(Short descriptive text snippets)
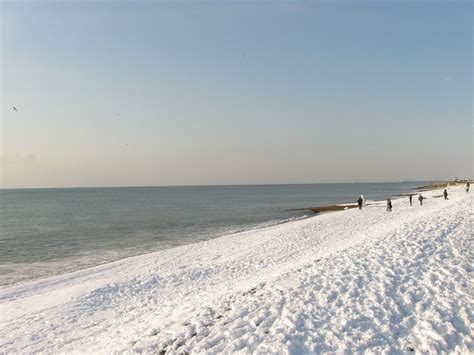 Hove Beach Photo | UK Beach Guide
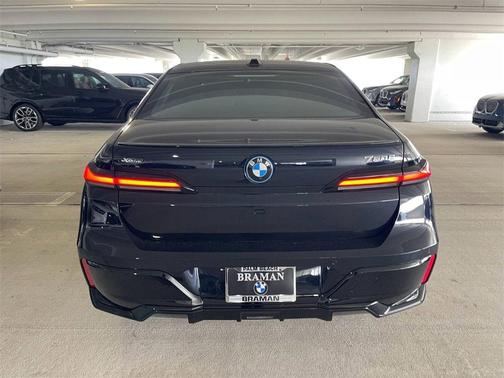 2025 BMW 750e xDrive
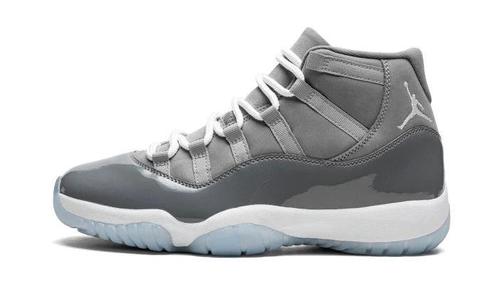 Air Jordan 11 Retro Cool Grey (2021) - maat 43 (Sneakers), Kleding | Dames, Schoenen, Grijs, Nieuw, Sneakers of Gympen, Verzenden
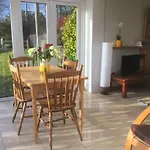 Woodford Guest House In Old Farm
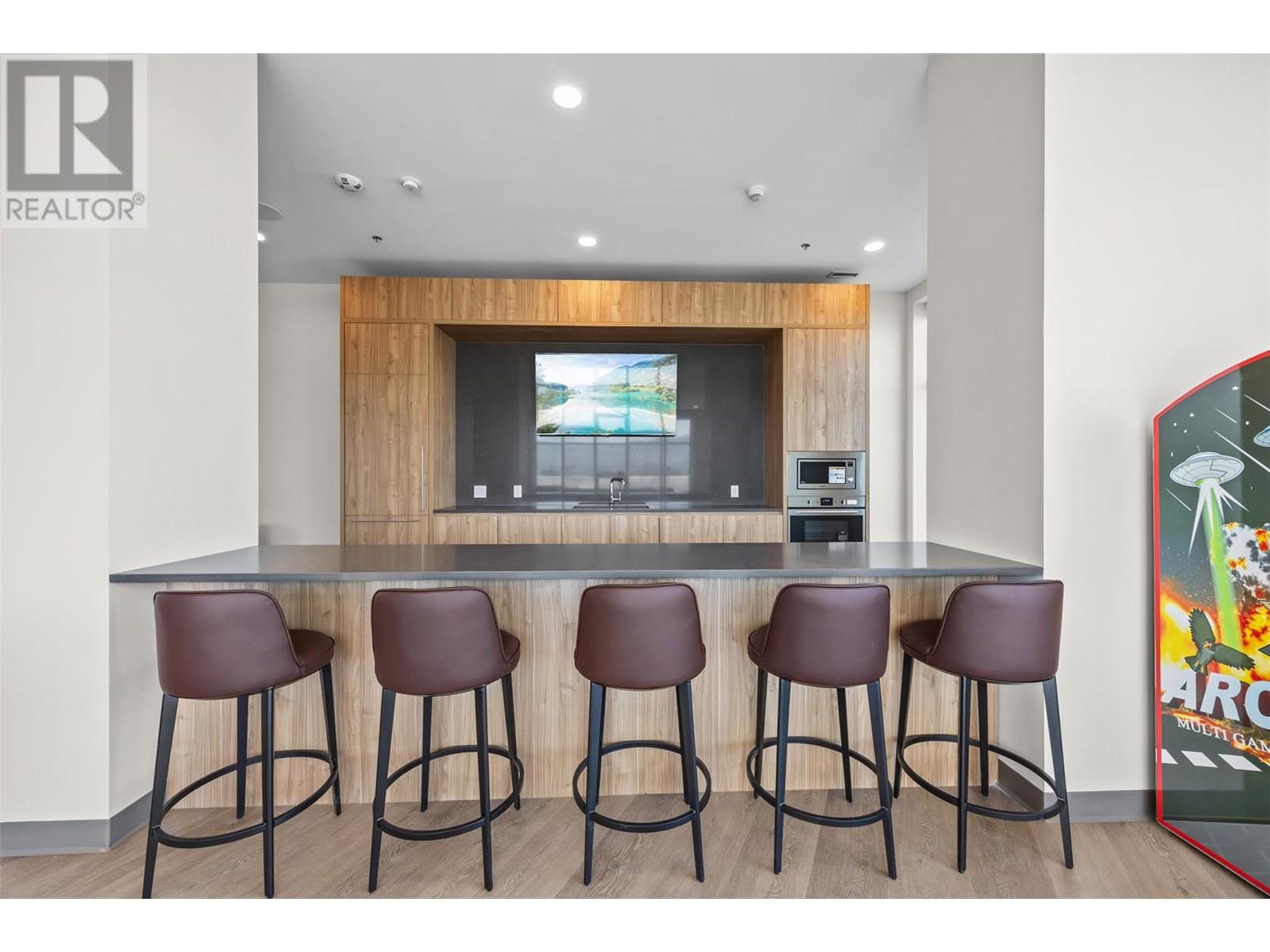 Photo 55 of 238 Leon Avenue Unit 804, Kelowna BC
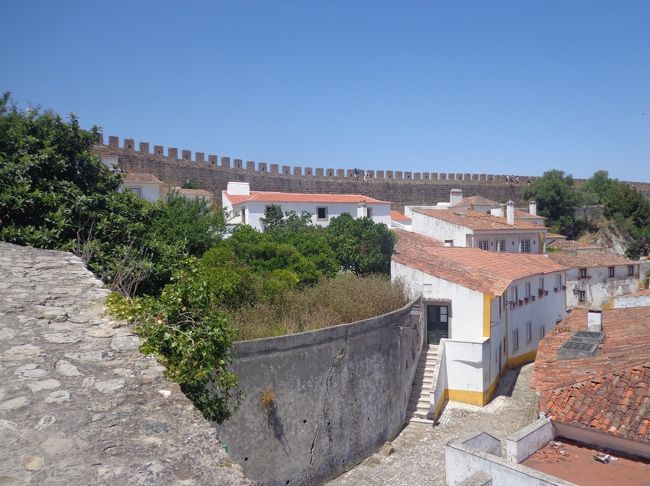 これから1周する城壁が見えます。<br />予想よりもずっと大きいなぁ。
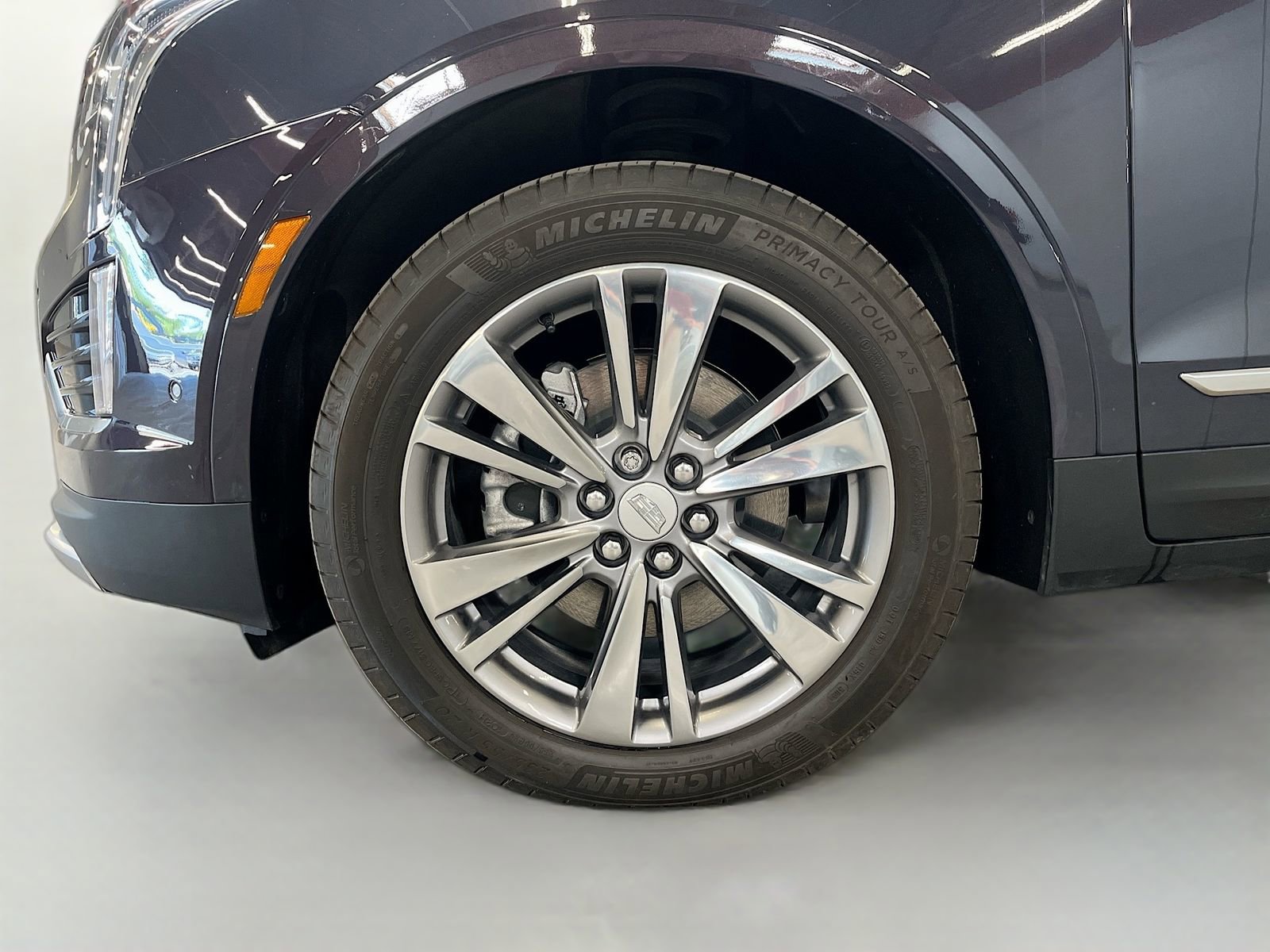 Used 2025 Cadillac XT5 Premium Luxury w/ Technology Package AWD/4WD image 33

*WORK ITEM*
Output the entries above exactly as given, but strip out the pictures.

*RESPONSE TO THIS TASK*
 Hove Beach Photo | UK Beach Guide
 2025 BMW 750e xDrive
 Air Jordan 11 Retro Cool Grey (2021) - maat 43 (Sneakers), Kleding | Dames, Schoenen, Grijs, Nieuw, Sneakers of Gympen, Verzenden
 Woodford Guest House In Old Farm
 Photo 55 of 238 Leon Avenue Unit 804, Kelowna BC
 これから1周する城壁が見えます。<br />予想よりもずっと大きいなぁ。
 Used 2025 Cadillac XT5 Premium Luxury w/ Technology Package AWD/4WD image 33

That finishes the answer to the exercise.